気温が低くなる冬、特に寒さが厳しい北国は、EVがその性能を発揮しにくい環境だ。ボルボ傘下のポールスターや、GM、その他いくつかの自動車メーカーは、バッテリーの温度を保つためにヒートポンプシステムを採用している。またドイツの自動車部品サプライヤーZFは、エンジンの熱を暖房に再利用できないEVにおいて、エアコンによる電力消費を抑えるため、シートベルトにヒーターを編み込んだ「ZFヒートベルト」を開発している。

Phoenixバッテリーは、そのような追加のシステムや特殊な部品を不要としつつ、寒冷環境でもEVの性能を最大限に引き出そうとするものだ。このバッテリーについてGreater Bayは(バッテリー容量やモーター出力容量にもよるはずだが)航続距離1000kmを実現すると述べ、そして2024年には、中国のEVブランドAIONのSUVに搭載されて出荷される予定だとしている。

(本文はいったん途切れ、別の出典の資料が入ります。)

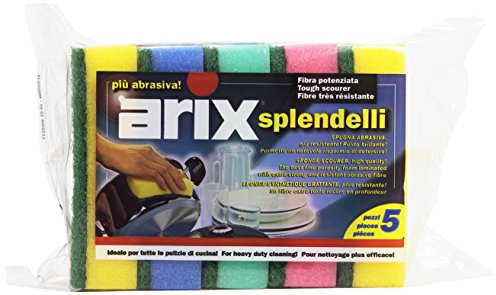 Arix Spugna Abrasiva - 5 Pezzi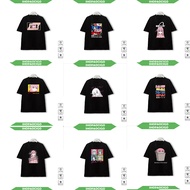 Collection Bocchi Anime T-Shirt in the Rock, Cute Bocchi Pattern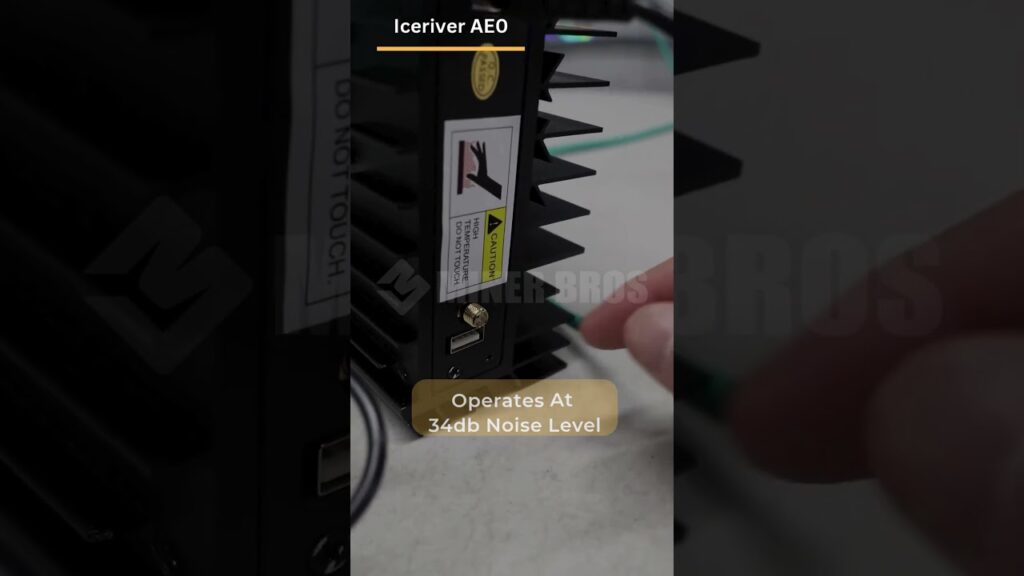 Ready to mine with the Iceriver AE0? 🛠️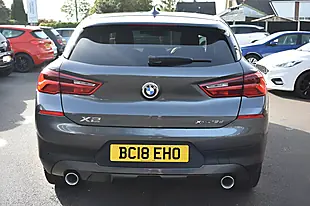 Used 2018 BMW X2 Sport Grey - Interior and Exterior details 8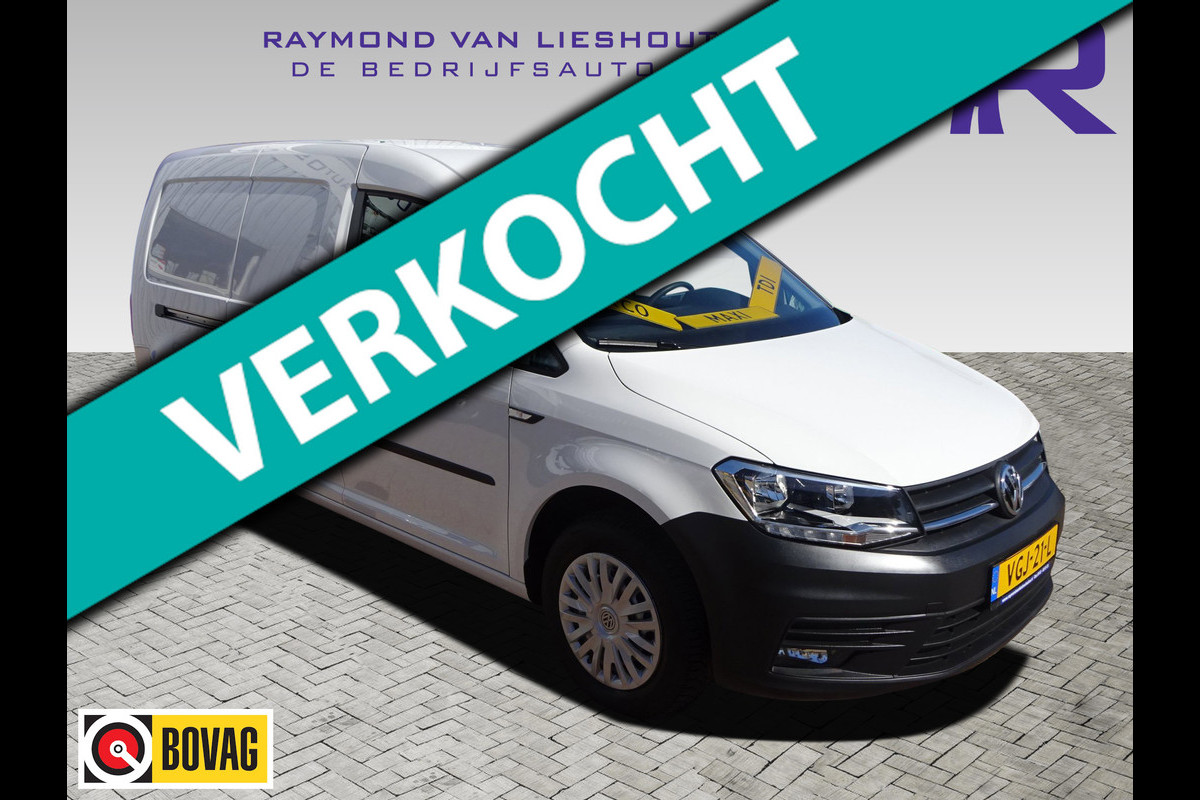 Volkswagen Caddy 2.0 TDI L2H1 VW MAXI LAADRUIMTE INRICHTING AIRCO CRUISE ALARM PDCM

ただし、本当にGreater Bayの言うとおりの性能をこのバッテリーが発揮できるのか、その評価は実物が出てくるまで待つ方が良いかもしれない。特に、中国自動車技術研究センター(CATARC)によって開発された中国独自の燃費および電費基準(CLTC)で測定される電費データは、国際基準のWTLCや、米国が採用するEPAなどに比べて甘い数字が出てくるとされており、額面どおり受け取ってしまうと、あとで肩透かしを食らう可能性も否定できない。まずは独立した試験機関による評価を待ちたいところだ。